Optimal choice of ionic and nonionic iron drugs for the treatment of iron deficiency anemia in pregnancy
Keywords:iron deficiency anemia, pregnant, ionic and nonionic iron preparations, maltofer
The article devoted to current problems of the iron deficiency anemia (IDA) treatment. Basic mechanisms and stages of this disease development are described. Based on the literature data a comparative analysis of the efficacy and safety of ferrotherapy with ionic and non-ionic iron drugs is perfumed, which include hydroxide polymaltose complex of ferric iron drugs. The main features of the treatment of iron deficiency anemia are showed.
Hepcidin is a major regulatory peptide which charges the homeostasis of the iron in the body. Scientific search continues, and soon we have a deeper understanding of his approach the frameworks.

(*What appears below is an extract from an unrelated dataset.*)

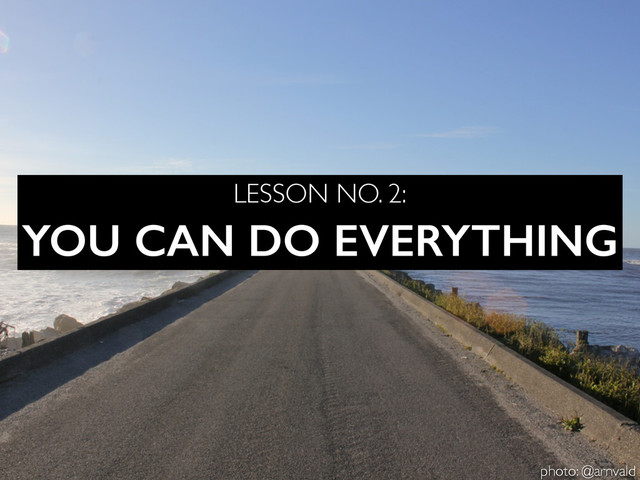 YOU CAN DO EVERYTHING
LESSON NO. 2:
photo: @arnvald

In the treatment of iron deficiency anemia in pregnant and mothers should be observed principles of individualized approach for the high-iron drug use, giving a pronounced clinical effect with low probability of side effects. Good prospects for treatment of iron deficiency anemia in women have drugs that are based on the hydroxide polymaltose complex. IDA treatment should last not only to normalize the peripheral blood, but also to the reduction of iron in the tissues (depot).
Where possible, concomitant of iron It should be carried out after eliminate the cause of IDA.
Hydroxide polymaltose iron complexes is accompanied by minimal side effects, which greatly improves treatment compliance: strict observance of patients intended therapy of iron deficiency program, the implementation of the full scope of assignments and deadlines IDA treatment improves the quality of patients life and accelerate their recovery.
The first stage of treatment with oral iron agents should continue until the full restoration of hemoglobin level, red blood cell count, hematocrit and lasts 1.5-2 months. The next stage is the saturation of the iron depots, lasts 2-3 months. After saturation of depot iron dose need to reduce to 30-60 mg/day.
Criterion of treatment effectiveness with iron drugs is the reticulocytosis appearance in the peripheral blood after 5-7 day from the beginning of the first treatment. Indirect evidence for the effective treatment of iron supplementation is increase hemoglobin concentrations every day for 1 g/l.